DIRECTIONS: In the entries below, every line that contains "with" must be located and copied.

(Collected data)
· · · · · · ·

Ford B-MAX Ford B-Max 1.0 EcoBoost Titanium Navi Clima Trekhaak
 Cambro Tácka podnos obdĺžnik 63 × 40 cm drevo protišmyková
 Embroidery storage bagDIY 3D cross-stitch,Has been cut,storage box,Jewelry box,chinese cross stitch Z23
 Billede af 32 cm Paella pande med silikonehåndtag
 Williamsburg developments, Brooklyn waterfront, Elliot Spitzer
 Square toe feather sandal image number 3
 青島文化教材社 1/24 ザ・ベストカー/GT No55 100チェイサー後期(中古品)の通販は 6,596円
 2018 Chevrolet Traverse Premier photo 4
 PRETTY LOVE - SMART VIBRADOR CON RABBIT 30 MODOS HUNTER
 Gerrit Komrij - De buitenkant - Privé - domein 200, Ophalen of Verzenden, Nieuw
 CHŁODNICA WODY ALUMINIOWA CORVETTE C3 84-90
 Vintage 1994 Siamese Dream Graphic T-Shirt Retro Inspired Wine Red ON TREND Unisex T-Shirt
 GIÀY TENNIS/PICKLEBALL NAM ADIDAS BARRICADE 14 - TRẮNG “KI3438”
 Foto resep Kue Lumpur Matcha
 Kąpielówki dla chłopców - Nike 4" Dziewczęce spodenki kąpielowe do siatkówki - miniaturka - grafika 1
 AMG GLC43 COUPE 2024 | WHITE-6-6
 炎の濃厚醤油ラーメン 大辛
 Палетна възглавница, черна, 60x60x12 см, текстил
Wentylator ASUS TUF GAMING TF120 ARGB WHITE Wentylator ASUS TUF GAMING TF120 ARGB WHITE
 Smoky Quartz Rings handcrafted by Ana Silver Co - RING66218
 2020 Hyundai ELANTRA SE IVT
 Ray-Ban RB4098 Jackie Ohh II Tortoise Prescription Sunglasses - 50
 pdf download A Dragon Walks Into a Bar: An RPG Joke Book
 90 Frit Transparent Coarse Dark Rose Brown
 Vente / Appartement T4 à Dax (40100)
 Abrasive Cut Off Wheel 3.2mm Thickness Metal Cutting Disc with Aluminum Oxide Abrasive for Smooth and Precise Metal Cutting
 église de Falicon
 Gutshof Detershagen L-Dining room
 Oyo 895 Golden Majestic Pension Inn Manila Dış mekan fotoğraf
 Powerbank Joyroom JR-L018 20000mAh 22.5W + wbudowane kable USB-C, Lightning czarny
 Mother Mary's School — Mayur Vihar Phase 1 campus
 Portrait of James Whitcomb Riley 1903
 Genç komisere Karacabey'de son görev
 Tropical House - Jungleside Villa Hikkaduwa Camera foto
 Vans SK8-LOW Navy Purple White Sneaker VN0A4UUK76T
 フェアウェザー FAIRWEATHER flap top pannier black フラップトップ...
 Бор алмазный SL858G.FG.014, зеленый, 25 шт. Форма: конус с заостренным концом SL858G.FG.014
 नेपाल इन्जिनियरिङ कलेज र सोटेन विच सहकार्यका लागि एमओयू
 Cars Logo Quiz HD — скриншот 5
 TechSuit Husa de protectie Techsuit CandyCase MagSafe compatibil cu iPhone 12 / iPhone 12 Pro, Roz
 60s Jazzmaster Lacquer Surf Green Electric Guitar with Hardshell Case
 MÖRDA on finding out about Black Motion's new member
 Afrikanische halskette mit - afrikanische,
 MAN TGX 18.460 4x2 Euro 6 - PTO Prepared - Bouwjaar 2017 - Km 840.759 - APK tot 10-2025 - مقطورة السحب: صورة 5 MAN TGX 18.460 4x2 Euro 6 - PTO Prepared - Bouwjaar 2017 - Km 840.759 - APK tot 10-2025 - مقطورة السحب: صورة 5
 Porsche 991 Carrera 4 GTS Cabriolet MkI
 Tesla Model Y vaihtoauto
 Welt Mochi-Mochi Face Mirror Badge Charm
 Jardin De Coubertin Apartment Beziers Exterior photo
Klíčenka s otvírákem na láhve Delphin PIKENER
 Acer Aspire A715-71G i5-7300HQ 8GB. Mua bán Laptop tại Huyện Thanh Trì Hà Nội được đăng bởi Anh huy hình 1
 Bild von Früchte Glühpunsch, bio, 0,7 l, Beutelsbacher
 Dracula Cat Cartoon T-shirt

· · · · · · ·

RESULT OF THE TASK:
 Abrasive Cut Off Wheel 3.2mm Thickness Metal Cutting Disc with Aluminum Oxide Abrasive for Smooth and Precise Metal Cutting
 60s Jazzmaster Lacquer Surf Green Electric Guitar with Hardshell Case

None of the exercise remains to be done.